De transparantie van de tweet en de blog: Wat willen we weten?
Het deed links en rechts nogal wat stof opwaaien, de tweets die Marco Borsato de wereld in stuurde over zijn overheerlijke Nespresso’s, “met schuimkraagje”. Was Neerlands meest succesvolle artiest hier nou bezig met sluikreclame op Twitter of niet? Borsato’s woordvoerster bezwoer dat de zanger geen geld kreeg van Nespresso voor zijn tweets, maar de twijfels waren gezaaid. Het is een prachtig voorbeeld van hoe transparantie op het web, en zeker in het gebruik van social media, soms moeilijk is en hoe bepalend tweets kunnen zijn. Borsato is een publiek figuur met een goede reputatie en als hij die specifieke koffie lekker vindt zal het ook echt wel lekkere koffie zijn. Toch..?
Maar Borsato is natuurlijk maar een voorbeeld, wel een goede, maar uiteindelijk heeft iedereen een netwerk. In bijna alle gevallen zal het zo zijn dat volgers de mening van iemand die zij volgen zullen waarderen, helemaal als deze persoon een uitgebreid netwerk heeft. Want iemand met 5000 volgers moet wel betrouwbaar zijn. Toch..? Het vertrouwen online, is datgene wat iemand tweet, buzzed, krabbelt of schrijft ook echt te vertrouwen, is een onderwerp wat in de komende jaren een steeds grotere rol zal gaan spelen online. Dan kan je zeggen: mensen let op wat je doet, maar dan kan je ook proberen het zo goed en kwaad als het kan te reguleren.

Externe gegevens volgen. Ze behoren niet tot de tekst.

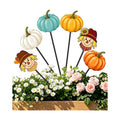 6 Pcs Fall Outdoor Decor Garden Stakes Pumpkin Scarecrow Metal Yard Sign Autumn Yard Stakes Thanksgiving Decorations for Planter Lawn Patio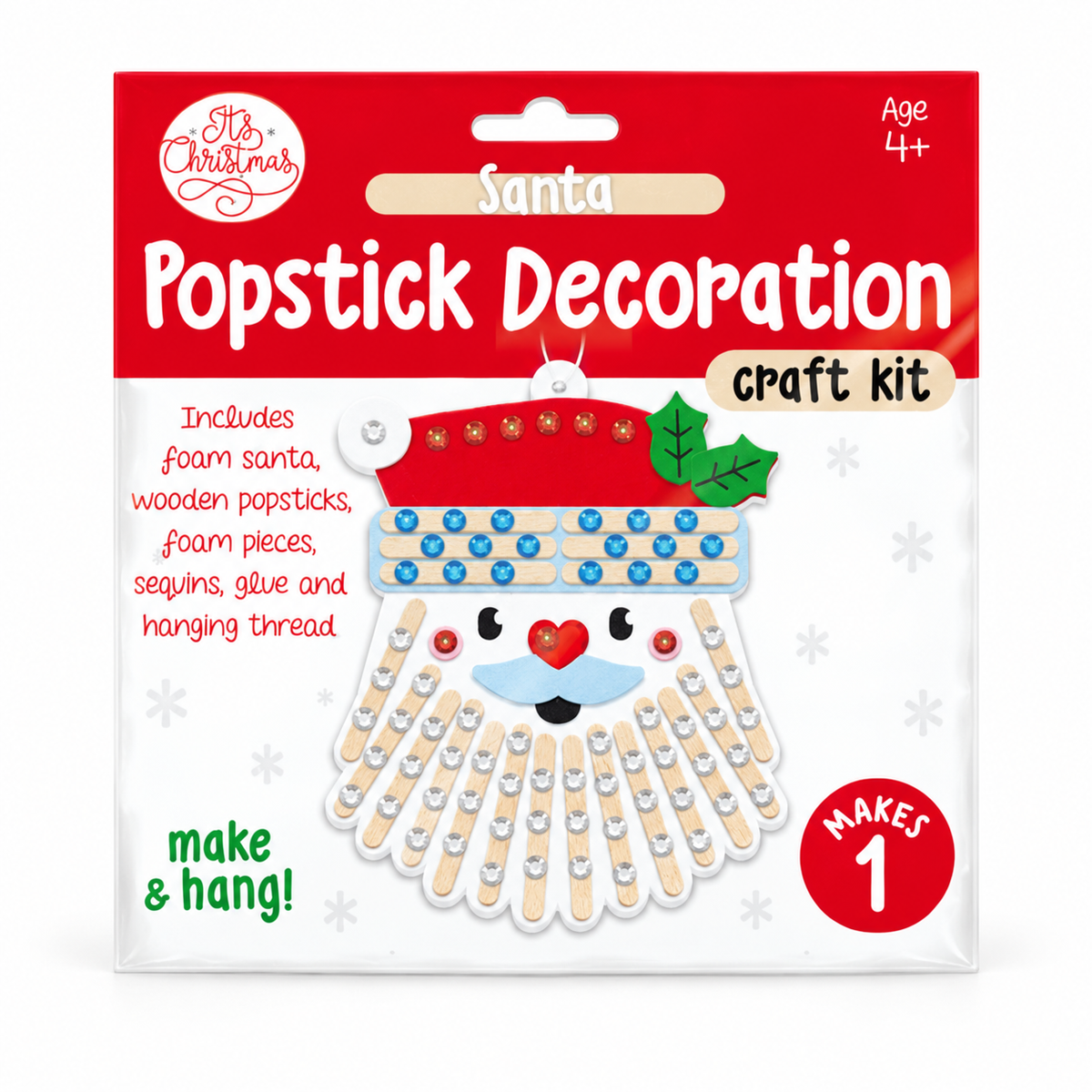 Santa Popstick Hanging Decoration Kit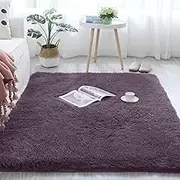 Fluffy Area Rug for Living Room, Rectangle Soft Fleece Shaggy Carpet, 3.5cm Thick Non-Slip Lamb Down Playmat Floor Mat for Kids Room Playroom Bedroom Home Decor (Dark Purple, 160x100cm)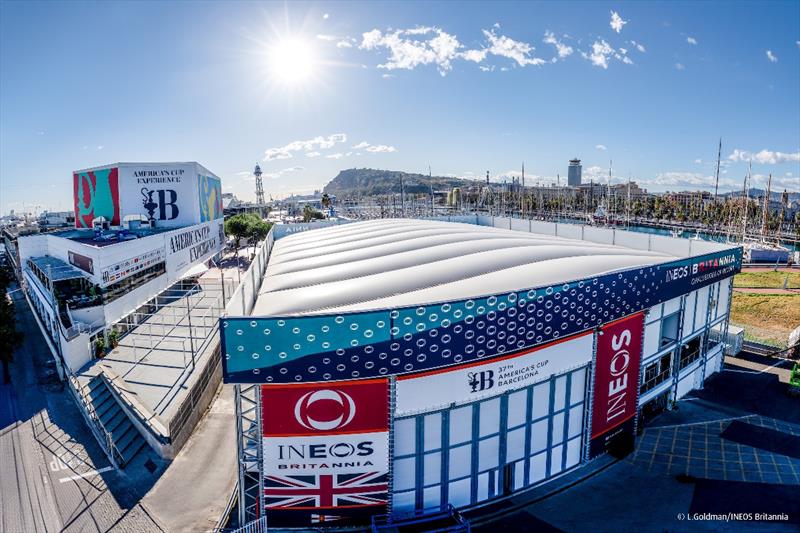 INEOS Britannia team base in Barcelona, shipped from UK by GAC Pindar photo copyright L.Goldman / INEOS Britannia taken at  and featuring the Marine Industry class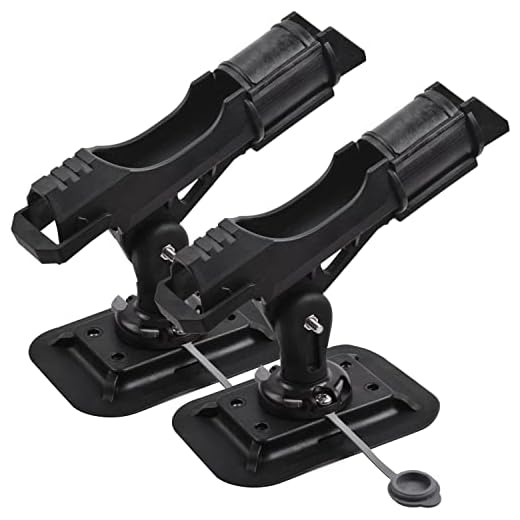 Power Lock Rod Holder with 2 Side Mounts Adjustable Boat Fishing Rod Racks SHADDOCK FISHING (2PCS 07# Multi-Positional Mounting)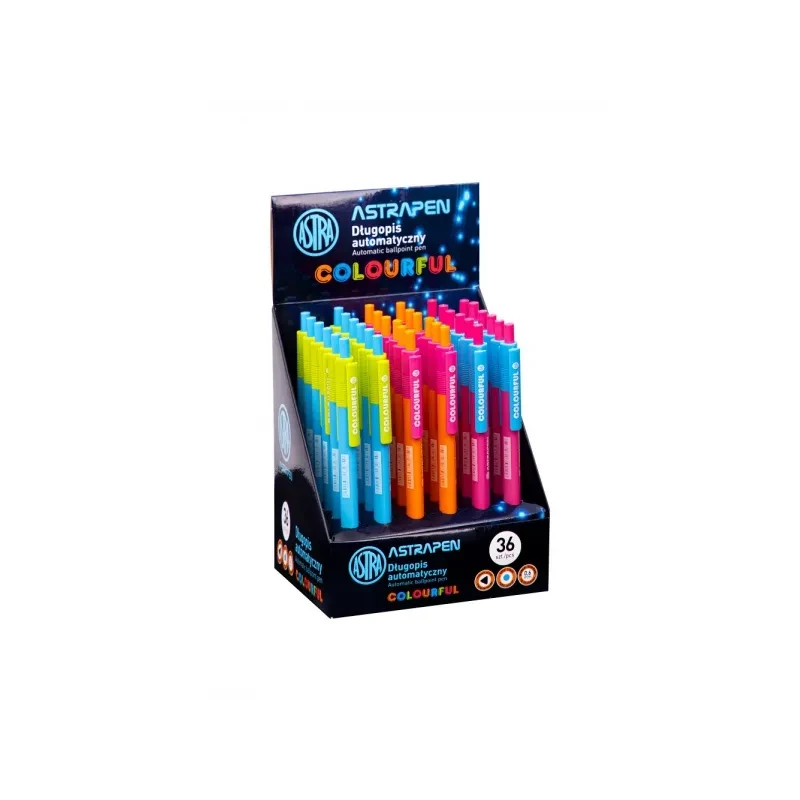 Guľôčkové pero 0,6mm AstraPEN Colorful, modré, stojan, mix farieb, 201022015 1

In de afgelopen maand schoot de DDMA de eerste versie van de ‘code social’ de lucht in. Deze code heeft als doel het behouden van de waarde van meningen over producten. De code zal onderdeel gaan uitmaken van de Reclame Code, wat het een meer officieel karakter zal geven en wat de mogelijkheid tot het inzetten van de Reclame Code Commissie bij klachten mogelijk maakt. De code heeft (uiteraard) veel verschillende soorten reacties opgeroepen. Al een half jaar geleden werd er uitgebreid gediscussieerd over het nut van een dergelijke code en of we dat niet ‘vanuit de branche’ zelf kunnen reguleren. Een interessante discussie, maar inmiddels ligt er dus een eerste voorstel voor de code. Ook hierop kwamen verschillende soorten reacties die varieerden van “nuttig” tot “Interessant stuk over sluikreclame op social media. Ook een beetje vreemd: afkraken mag straks wel, iets prijzen niet?”.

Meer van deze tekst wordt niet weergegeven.